Google is passing the costs of the UK’s Digital Services Tax onto advertisers by increasing its advertising prices.
Companies advertising through Google Ads and Google-owned YouTube will be charged an extra 2% – the same rate levied by the digital tax – from November this year.
Announced by former chancellor Philip Hammond, the Digital Services Tax aims to bring in more funds to the Treasury from companies that operate search engines, social media websites and online marketplaces with revenues above £500m.
Google has also raised advertising prices by 5% in Austria and Turkey in response to their own digital taxes. The news was first reported by City AM.
In 2019 Google UK paid £44m in corporation tax on revenues of £1.6bn. Because its business is digital, Google is able to report UK advertising profits in other jurisdictions.

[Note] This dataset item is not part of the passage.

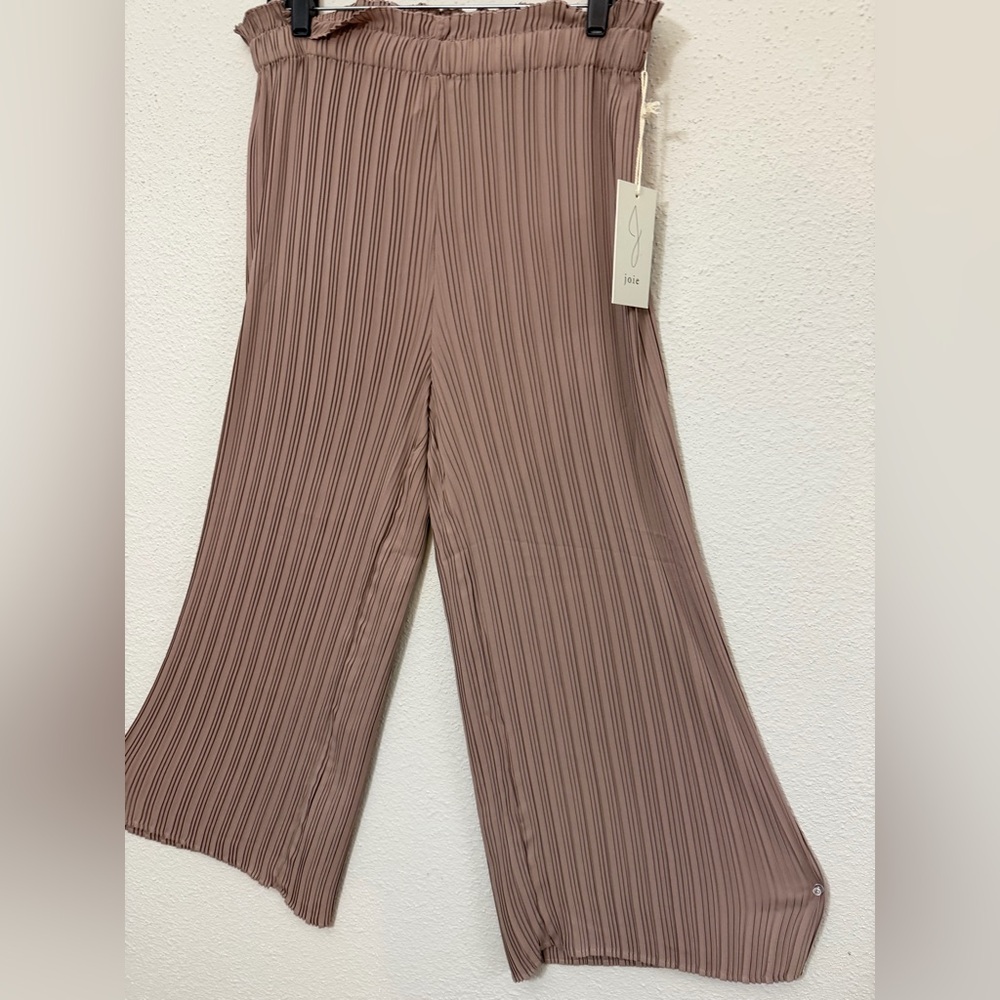 Joie Women's Wide Leg Pleated Pants in Tan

Global digital services tax remains elusive
Some 140 countries are involved in talks to create a global digital services tax. However, the US – where the majority of tech companies affected by the regulation are based – has pulled out of discussions.

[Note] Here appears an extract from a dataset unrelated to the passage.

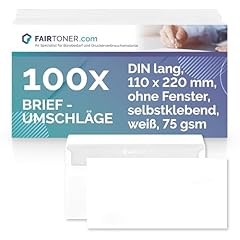 Fairtoner briefumschlag din gebraucht kaufen  Wird an jeden Ort in Deutschland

A Google spokesperson said: “Digital service taxes increase the cost of digital advertising. Typically, these kinds of cost increases are borne by customers and like other companies affected by this tax, we will be adding a fee to our invoices, from November.
“We will continue to pay all the taxes due in the UK, and to encourage governments globally to focus on international tax reform rather than implementing new, unilateral levies.”
Amazon has also announced that it will pass on the 2% digital tax to marketplace sellers this month. This is likely to see those costs then passed on to consumers. However, eBay has stated that it will absorb the additional cost itself.